Items from a dataset
════════════════
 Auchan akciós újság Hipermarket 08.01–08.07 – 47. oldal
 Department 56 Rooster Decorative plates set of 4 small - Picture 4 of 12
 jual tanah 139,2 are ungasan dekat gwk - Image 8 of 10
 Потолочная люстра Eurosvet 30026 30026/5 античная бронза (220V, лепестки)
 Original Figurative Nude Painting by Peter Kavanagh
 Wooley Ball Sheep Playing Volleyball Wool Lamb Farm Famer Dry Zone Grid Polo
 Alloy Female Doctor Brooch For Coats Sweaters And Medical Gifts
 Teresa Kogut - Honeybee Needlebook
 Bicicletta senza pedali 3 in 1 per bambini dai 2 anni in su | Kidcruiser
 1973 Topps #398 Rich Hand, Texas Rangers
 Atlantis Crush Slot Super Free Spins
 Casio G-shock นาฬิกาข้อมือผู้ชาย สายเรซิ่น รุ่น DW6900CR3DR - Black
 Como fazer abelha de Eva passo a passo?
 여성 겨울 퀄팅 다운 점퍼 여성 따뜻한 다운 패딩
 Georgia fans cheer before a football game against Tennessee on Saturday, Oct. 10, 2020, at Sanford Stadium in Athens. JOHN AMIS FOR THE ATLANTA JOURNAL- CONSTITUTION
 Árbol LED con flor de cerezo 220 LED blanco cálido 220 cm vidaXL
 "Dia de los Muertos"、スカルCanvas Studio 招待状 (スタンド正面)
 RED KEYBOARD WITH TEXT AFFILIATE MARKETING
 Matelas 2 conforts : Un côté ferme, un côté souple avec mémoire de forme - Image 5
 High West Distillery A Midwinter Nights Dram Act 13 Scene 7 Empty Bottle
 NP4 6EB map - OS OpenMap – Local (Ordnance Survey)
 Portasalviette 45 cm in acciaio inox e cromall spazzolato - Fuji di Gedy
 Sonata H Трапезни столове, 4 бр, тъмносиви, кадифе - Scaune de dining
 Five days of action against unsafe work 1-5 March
════════════════
▶ _AIM OF THE EXERCISE_: Set down the line that contains "Atlantis Crush Slot Super Free Spins" exactly. Do the same for each later line of the data, through the end, and add nothing.

▶ _SOLVED PROBLEM_:
 Atlantis Crush Slot Super Free Spins
 Casio G-shock นาฬิกาข้อมือผู้ชาย สายเรซิ่น รุ่น DW6900CR3DR - Black
 Como fazer abelha de Eva passo a passo?
 여성 겨울 퀄팅 다운 점퍼 여성 따뜻한 다운 패딩
 Georgia fans cheer before a football game against Tennessee on Saturday, Oct. 10, 2020, at Sanford Stadium in Athens. JOHN AMIS FOR THE ATLANTA JOURNAL- CONSTITUTION
 Árbol LED con flor de cerezo 220 LED blanco cálido 220 cm vidaXL
 "Dia de los Muertos"、スカルCanvas Studio 招待状 (スタンド正面)
 RED KEYBOARD WITH TEXT AFFILIATE MARKETING
 Matelas 2 conforts : Un côté ferme, un côté souple avec mémoire de forme - Image 5
 High West Distillery A Midwinter Nights Dram Act 13 Scene 7 Empty Bottle
 NP4 6EB map - OS OpenMap – Local (Ordnance Survey)
 Portasalviette 45 cm in acciaio inox e cromall spazzolato - Fuji di Gedy
 Sonata H Трапезни столове, 4 бр, тъмносиви, кадифе - Scaune de dining
 Five days of action against unsafe work 1-5 March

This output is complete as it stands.